Photo by Aarón Blanco Tejedor on Unsplash
Attempting the Entry Challenge for the 2022 CodeIT Suisse Coding Challenge
An extreme mouthful of a title, but I call it a bangin' start
I am not a competitive person and if you would consider drinking Milo at a pace of a dozen Tetra Paks an hour working well under stress; then, yes, I also work extremely well under stress.
So how exactly did I get myself into a situation where I'm submitting my registration and stress-googling (yes that is a thing) past runs of this challenge and how it kinda went? I too, do not know the answer to that question but I bet deep down it's something along the lines of padding the portfolio.

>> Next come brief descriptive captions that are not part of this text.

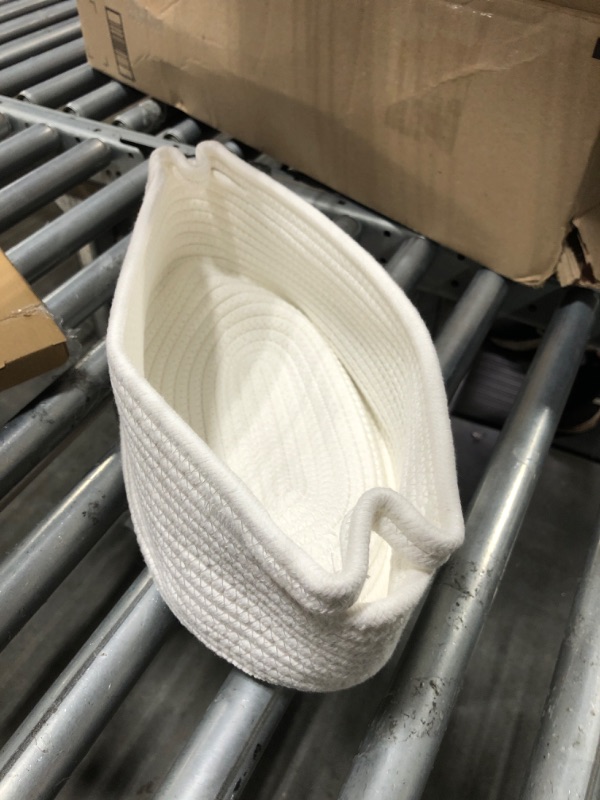 Photo 1 of ABenkle Small Woven Basket, Cotton Rope Shelf Storage Basket, Small Round Easter Basket, Cute Baby Basket, Decorative Round Bin for Nursery Bedroom Bathroom

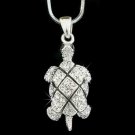 Sea Turtle Wildlife Lover Swarovski Crystal Necklace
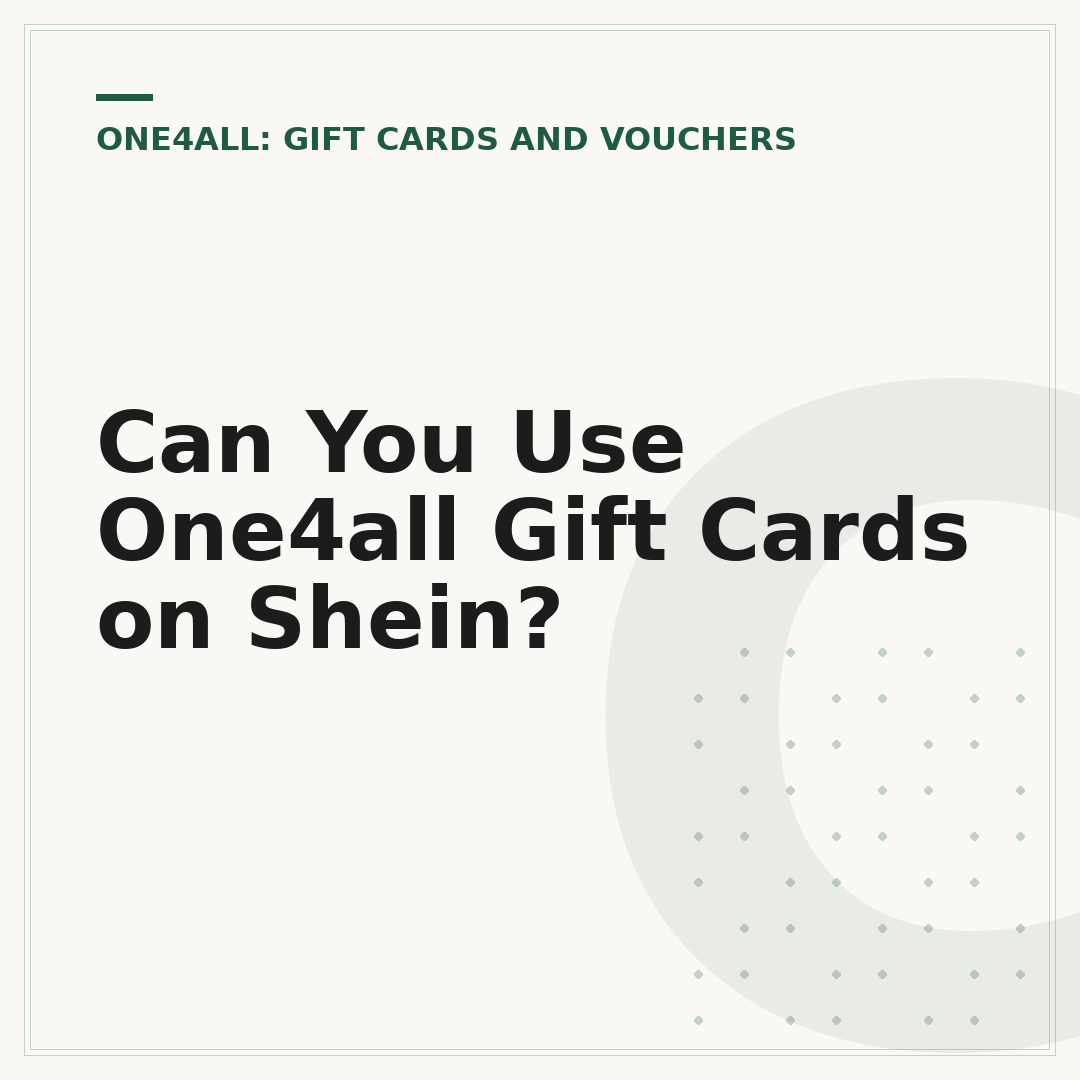 Can You Use One4all Gift Cards on Shein?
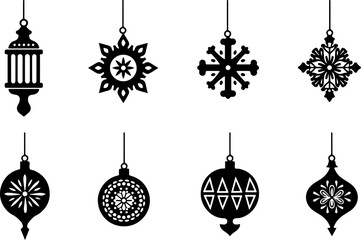 Decorative Ornaments & Lantern Silhouettes vector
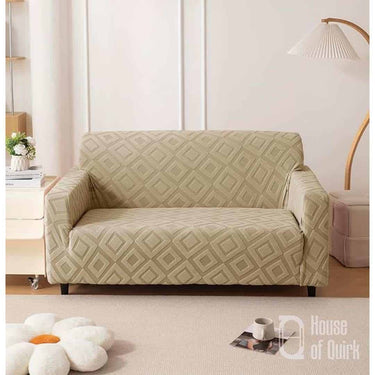 House of Quirk Universal Double Seater Jacquard Fabric Diamond Texture Sofa Cover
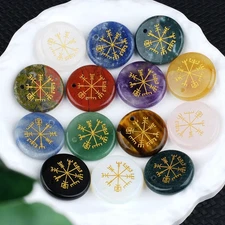 30mm Gemstone Disc Pendant for Making Jewelry Craved Gold Pattern-AIM 5PCS/LOT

But nevertheless, I am here to share my musings through my experience at the challenge.
The Entry Challenge
We were given a 3-page document of the challenge we had to solve in either Java, Javascript or Python in order to qualify for the actual challenge. See, when I first saw the document I was literally seeing stars, confused would be an understatement. So after an hour or so of hardcore googling (yes, it's in dictionaries now) I think I've gotten a gist of it.. Let me attempt to simplify.
Input
We were given an input of a comma-separated-value stream in the following format:
timestamp,ticker,quantity,price
So an example of the stream would look something like this:
[
"00:02,AAPL,2,155.10",
"00:02,META,3,161.15",
"00:02,META,4,160.38",
"00:12,AAPL,6,154.80",
"00:13,AAPL,4,154.22",
"00:16,META,4,160.30",
"00:16,AAPL,7,156.26",
...
]
Part 1: Aggregate
For the first part of the challenge, we had to aggregate the stream by timestamp in chronological order and output in the following format:
timestamp,ticker1,cumulative_quantity1,cumulative_notional1,ticker2,cumulative_quantity2,cumulative_notional2...
The value of the notional
property is quantity * price
, and cumulative just means.. the sum of those values grouped by the timestamp and ticker.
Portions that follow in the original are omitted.